Is this the road to enlightenment ?

This blog is to keep friends and relatives informed about my ride on a motorcycle throughout the United States in September 2005. And when back,I decided to carry on with other rides...

Friday, September 09, 2005

From wonders to glitter


Riding in one day through the Grand Canyon, Zion and then Las Vegas is a humbling experience. From the majesty of natural wonders to the ugliness of human deeds, I experienced both all the fascination I have for America and the dislike for some of its features. We went to the north rim of the Canyon which is much more peaceful and less touristy than the south rim where I had been five years ago.
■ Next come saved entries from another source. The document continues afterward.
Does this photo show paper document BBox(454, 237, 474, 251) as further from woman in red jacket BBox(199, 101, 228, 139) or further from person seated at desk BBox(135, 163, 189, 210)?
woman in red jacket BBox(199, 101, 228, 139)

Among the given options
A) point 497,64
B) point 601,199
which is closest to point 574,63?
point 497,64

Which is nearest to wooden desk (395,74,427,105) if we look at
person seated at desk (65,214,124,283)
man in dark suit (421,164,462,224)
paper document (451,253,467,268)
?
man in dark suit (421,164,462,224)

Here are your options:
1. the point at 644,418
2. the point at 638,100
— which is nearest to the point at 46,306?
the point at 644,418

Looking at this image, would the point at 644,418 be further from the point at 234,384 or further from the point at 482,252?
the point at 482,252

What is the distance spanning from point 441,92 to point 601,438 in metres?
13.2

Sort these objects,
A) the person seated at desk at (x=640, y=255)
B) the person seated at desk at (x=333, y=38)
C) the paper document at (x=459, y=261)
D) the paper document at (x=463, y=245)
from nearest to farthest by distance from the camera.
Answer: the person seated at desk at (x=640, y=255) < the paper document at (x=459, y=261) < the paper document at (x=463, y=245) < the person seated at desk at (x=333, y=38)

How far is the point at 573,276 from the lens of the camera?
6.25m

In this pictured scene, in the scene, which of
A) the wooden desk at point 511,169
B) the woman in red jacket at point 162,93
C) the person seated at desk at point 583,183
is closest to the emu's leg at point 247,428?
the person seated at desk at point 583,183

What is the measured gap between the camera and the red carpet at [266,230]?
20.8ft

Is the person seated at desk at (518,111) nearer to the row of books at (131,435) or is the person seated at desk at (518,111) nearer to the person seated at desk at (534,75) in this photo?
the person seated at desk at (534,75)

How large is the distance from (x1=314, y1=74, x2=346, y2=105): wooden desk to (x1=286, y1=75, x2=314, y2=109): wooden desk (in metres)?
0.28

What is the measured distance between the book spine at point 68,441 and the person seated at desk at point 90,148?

The riding through the forest before coming onto this big scar splitting the earth is truly gorgeous and the view from the north rim, which is higher than the southern one, goes for more than 60 miles. Looking at the Grand Canyon makes me keep quiet, at lost for words. And I struggle to write about it as well. May be it's the feeling to be brought back to the size of an ant, to be faced with an inverted mountain going so deep into the ground, the notion than time is for nature a different benchmark than for us and that we may be not truly belong to it.
Then Zion: There again it was my second time there and the same feeling that this land is almost biblical in spite of the total absence of human intervention. The eroded rock looks like a giant frozen wave and the valley opening slowly between the pink and orange dented peaks is like a guiding light (to anyone going to Zion, I strongly recommend entering the park from the east where the road zigzags through narrow canyons and exiting to the west where it opens into a big valley with the mountains slowly fading away). I guess others before me had those same feelings considering the name of the place. I could stay there for hours, days and years, looking at the slow variations in colors and the contrast between the red stone and the pale green of the trees clinging to the barren face of the mountains.
But we had decided to spend the night in Las Vegas and so did we. The night ride on Interstate 15 was not a thing of a pleasure, struggling to fend off trucks racing each other on the very twisty curves going through the Arizona mountains. But that allowed us to discover Vegas by night, in all its glittering attire under a perfectly shaped moon crescent. We rode down the strip, all geared up, seemingly as out of place as two fully dressed astronauts at a cocktail party in the company of an other long distance rider on a BMW K1200RS coming from Canada (the long distance motorcycle riders community is a small one and encoutering one another on the roads is always worth noting, except for Harley riders. You never know whether the bike has not just been unloaded from a truck and made like it had been ridden for miles...) .
We had booked a room at the Luxor and they apparently make everything possible to transform the check-in experience into a nightmare (may be they're taking their clues from airlines ?). Long lines at the desk, then parking lots miles away and pretty much nothing to carry your luggage to the room. I guess we could have used Valet Parking but they don't do it for motorcycles.
It has always been my idea than no one should ever spend more than 30 minutes in Vegas, riding, or driving, through it, preferably at night, and go. It's like a toy miniature train. They look awesome when they belong to somebody else but if you try to play with them, they never work. I don't understand why Vegas is the favorite vacation destination for more than half of Americans when their country harbors such natural splendors. And Vegas is nothing in itself, just a pale, comical copy of other people achievements around the world (including New York). But when it comes to this, I much prefer Legoland where kids can also pretend to have fun.
And yes, we gambled: ten bucks each in one armed bandits. Steve ended up with twenty and I with zero. To put it in an other way, he won a free tank of gas for the Ducati.
Oh, and one last thing: The air conditioning in the room sounded like a running diesel truck all night. I tell you, Vegas is just a fake, a glittering doublet (that's a fake diamond).
Now, back to the marvels of mother nature: Death Valley and then Yosemite. We going to camp out there (not in Death Valley, we not THAT mad, but in Yosemite) and I may not be able to update the blog for a few days.